Green and blue is good for you!
Intuitively we know that being in nature makes us feel better. And more and more studies are coming to the same conclusions: we depend on the natural world for much more than water, food and materials to build with.
Being in nature is good for our health and wellbeing. Or, if we wanted to talk to our children about it: being in green and blue is good for you.
Studies find that being able to get to green space reduces stress and anxiety for many people. Whether it’s due to physical exercise associated with being outside, unplugging from over-stimulating technologies or boosting our sensory awareness of the natural world around us, our minds find nature restorative.
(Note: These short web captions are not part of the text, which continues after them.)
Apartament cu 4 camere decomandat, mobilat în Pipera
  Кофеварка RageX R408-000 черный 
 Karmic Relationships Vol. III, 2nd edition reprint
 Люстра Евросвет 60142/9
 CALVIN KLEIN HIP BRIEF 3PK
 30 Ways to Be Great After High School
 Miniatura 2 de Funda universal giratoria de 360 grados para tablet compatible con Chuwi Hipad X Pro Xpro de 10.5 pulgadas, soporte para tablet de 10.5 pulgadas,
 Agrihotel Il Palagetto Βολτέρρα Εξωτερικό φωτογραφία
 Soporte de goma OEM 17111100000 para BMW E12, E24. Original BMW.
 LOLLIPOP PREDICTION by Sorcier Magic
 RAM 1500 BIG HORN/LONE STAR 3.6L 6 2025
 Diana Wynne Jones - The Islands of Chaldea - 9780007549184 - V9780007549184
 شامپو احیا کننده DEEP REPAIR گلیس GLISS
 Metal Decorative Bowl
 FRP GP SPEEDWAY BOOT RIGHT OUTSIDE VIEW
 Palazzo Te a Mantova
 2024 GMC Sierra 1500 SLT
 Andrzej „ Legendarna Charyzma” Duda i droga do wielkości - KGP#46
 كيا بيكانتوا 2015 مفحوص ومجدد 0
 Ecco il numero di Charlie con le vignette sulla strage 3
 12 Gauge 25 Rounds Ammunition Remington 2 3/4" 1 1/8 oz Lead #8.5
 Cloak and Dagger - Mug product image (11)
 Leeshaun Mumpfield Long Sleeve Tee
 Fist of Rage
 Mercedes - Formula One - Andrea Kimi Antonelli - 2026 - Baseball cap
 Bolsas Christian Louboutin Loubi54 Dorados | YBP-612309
While going for a hike or sitting in the park is certainly not the answer to all mental health issues, it can certainly be part of a toolkit to help lift moods.
For children, being in nature gives them the chance to develop their creativity, risk-taking, problem solving and empathy. The freedom that being outside offers, and the opportunity for play, enables these aptitudes to develop naturally. And they’re all wonderful skills that aren’t always top of the curriculum.
Being near green may also affect your longevity: research by the Harvard School of Public Health found that women living in the greenest areas included in their study were 34% less likely to die from respiratory disorders, even accounting for other socio-economic factors. Which makes sense – greenery can help absorb harmful air pollution.
What’s more recent is the focus on blue, or access to water-based landscapes. A recent study in The Netherlands found that ‘blue space availability’ - whether you are close to salt or freshwater - had an even stronger relationship with positive health, both physical and mental.
What’s interesting is that you don’t have to be in the wilderness to experience these benefits, you just need to be able to access blue and green outdoor landscapes relatively easily. That means making good use of the parks, open spaces, allotments, rivers and canals that you can get to.
It’s also possible to bring the green and blue effect indoors – research found that having plants in the office environment reduced absenteeism, improved satisfaction and efficiency and improved the cognitive function when studying. So it’s worth looking after your houseplants too!
But however you do it, the messages are clear: it’s important to get nature in your life.
David Suzuki, a Canadian researcher, has set up a foundation to encourage more people to spend time outdoors everyday. The 30 x 30 challenge invites you to get outside every day for a month, for at least 30 minutes. People all over the world have signed up to participate. If you’ve not yet decided on your Kozi Kidz outdoor challenge for the year, this might be a good one!